* Records to use:

============================================================

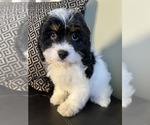 Small Photo #5 Cavapoo Puppy For Sale in RICHMOND, IL, USA
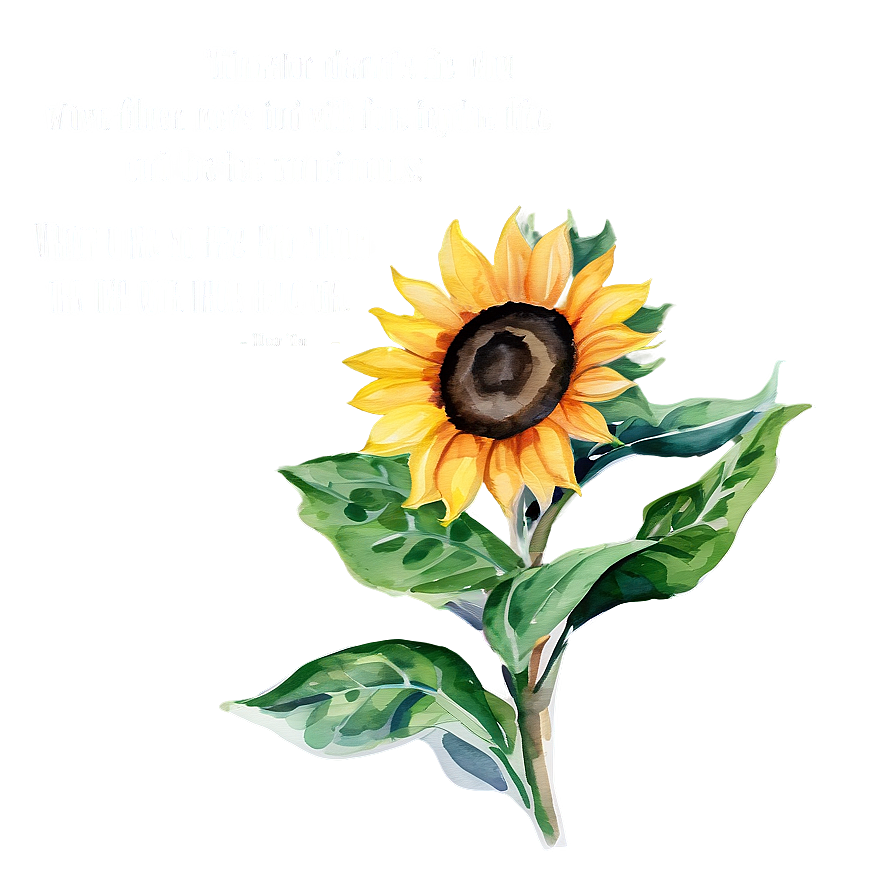 Sunflower Watercolor With Quotes Png Bys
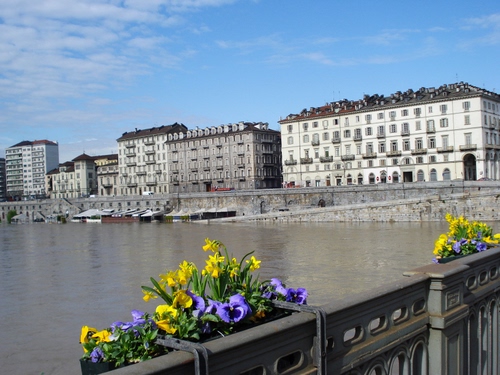 Immagine con fiori, fiume, giallo, ponte, palazzi, ringhiera, torino, acqua, piante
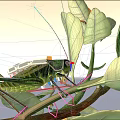 Green grasshopper with long antennae perched on green leaves and branch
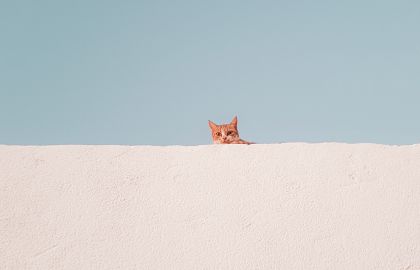 一个小猫的趴在墙头偷偷向外观望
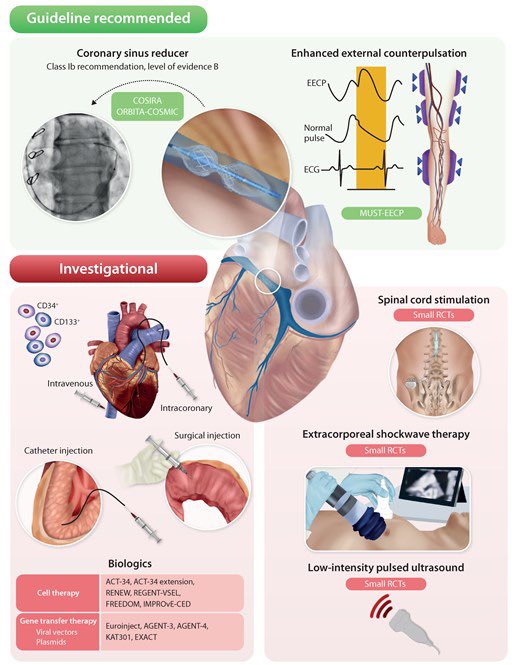 Dr. Martha Gulati ♥️🫀❤️🩹🇨🇦 tweet media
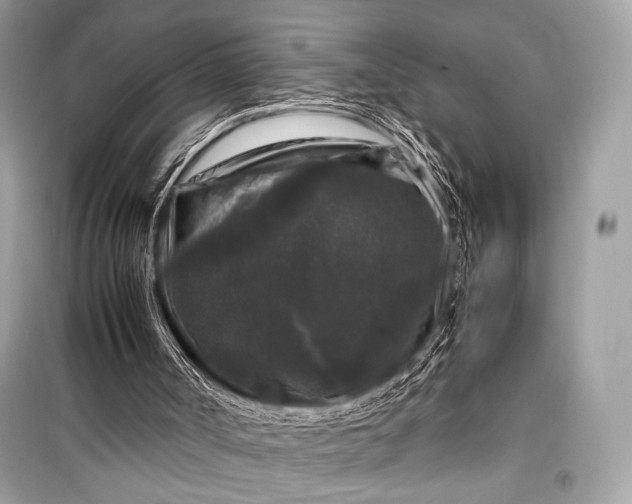 X0000099290002200805161336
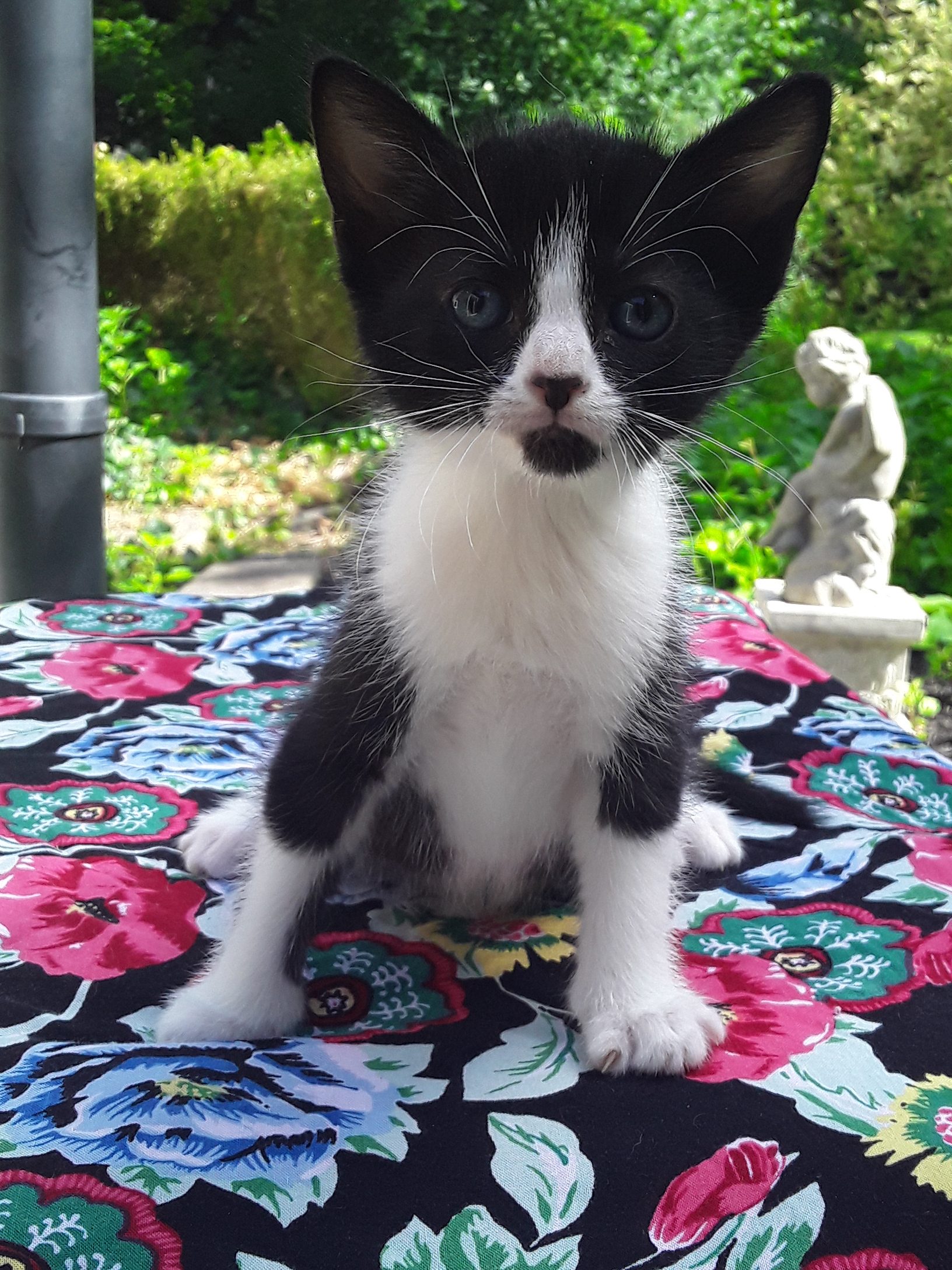 Enlarge Cat Benetar, a Adopted Domestic Short Hair in Farmington Hills, MI image 1/1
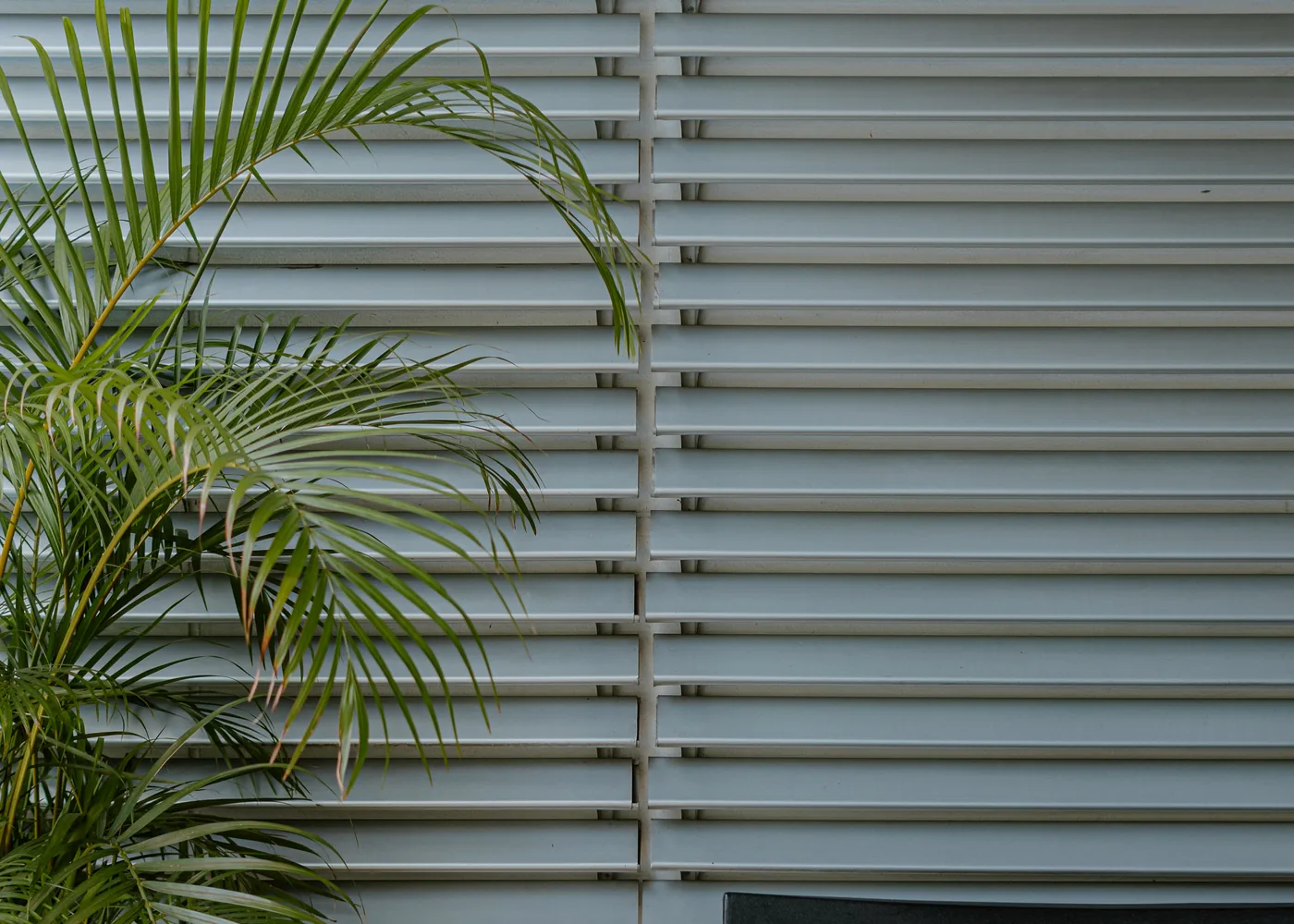 Blinds & Curtains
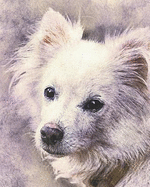 2019-2020 Academic Planner Weekly and Monthly Loyal Dog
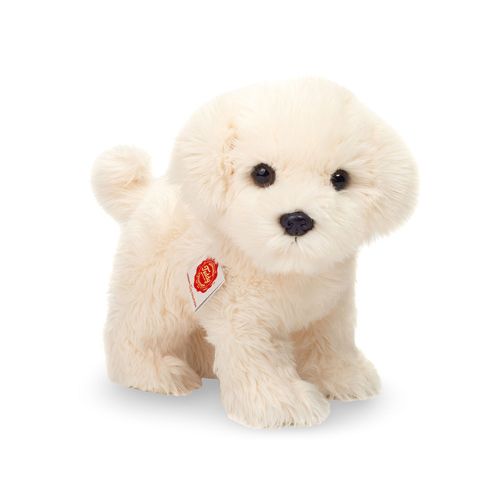 malteser bamse, hvid bichon hund måler 23 cm, perfekt til leg for børn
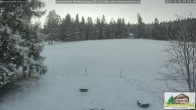 Archived image Webcam Todtnauberg - Scheuermatthof 06:00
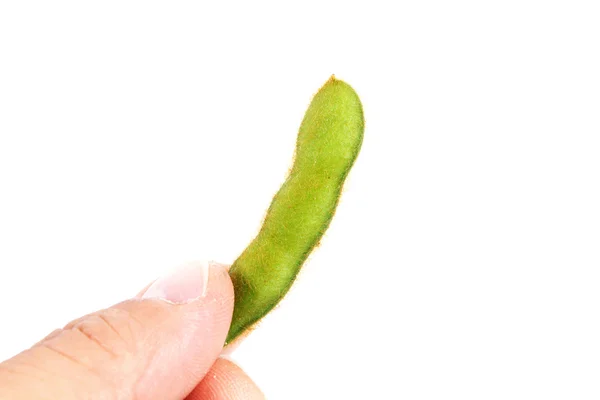 Soy in the hand — Stock Photo, Image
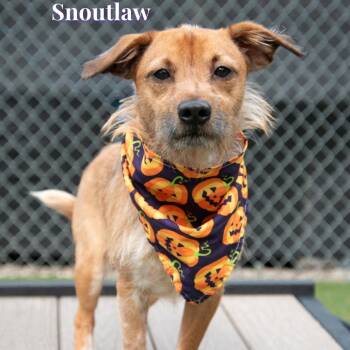 Snoutlaw -  Terrier and Mixed Breed Dog for Adoption in Parkersburg, West Virginia - Snoutlaw | PetCurious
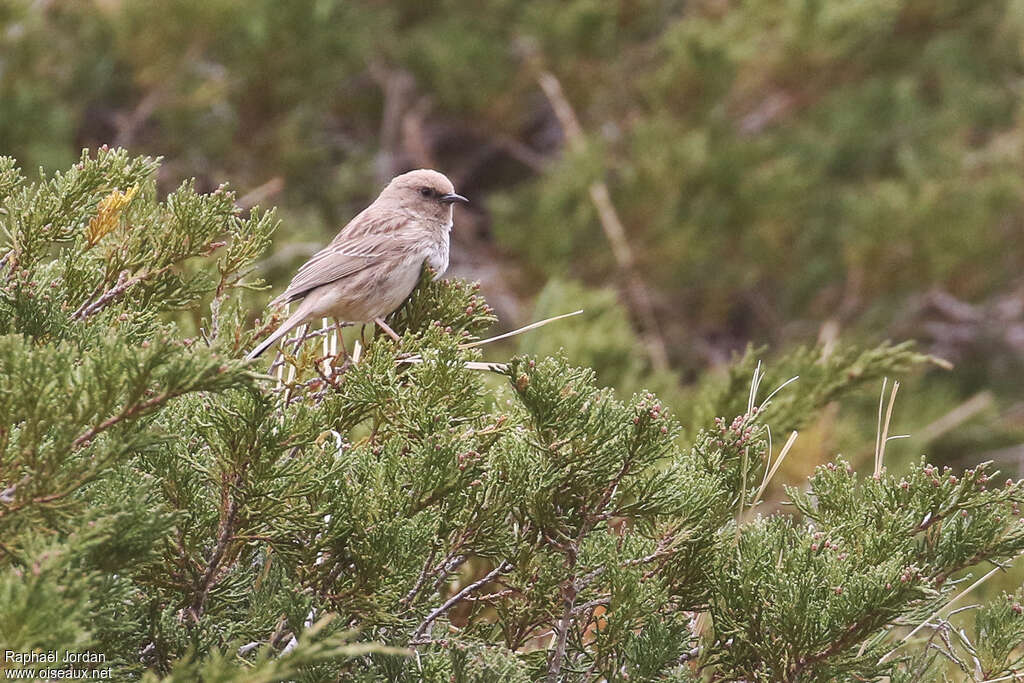 Kozlov's Accentor male adult, song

============================================================

* To do:
None of the pictures belong in the copy. Write out exactly the lines from the line that holds "Archived image Webcam" through the last line of the listing above, both ends included.

* Output of the exercise:
 Archived image Webcam Todtnauberg - Scheuermatthof 06:00
 Soy in the hand — Stock Photo, Image
 Snoutlaw -  Terrier and Mixed Breed Dog for Adoption in Parkersburg, West Virginia - Snoutlaw | PetCurious
 Kozlov's Accentor male adult, song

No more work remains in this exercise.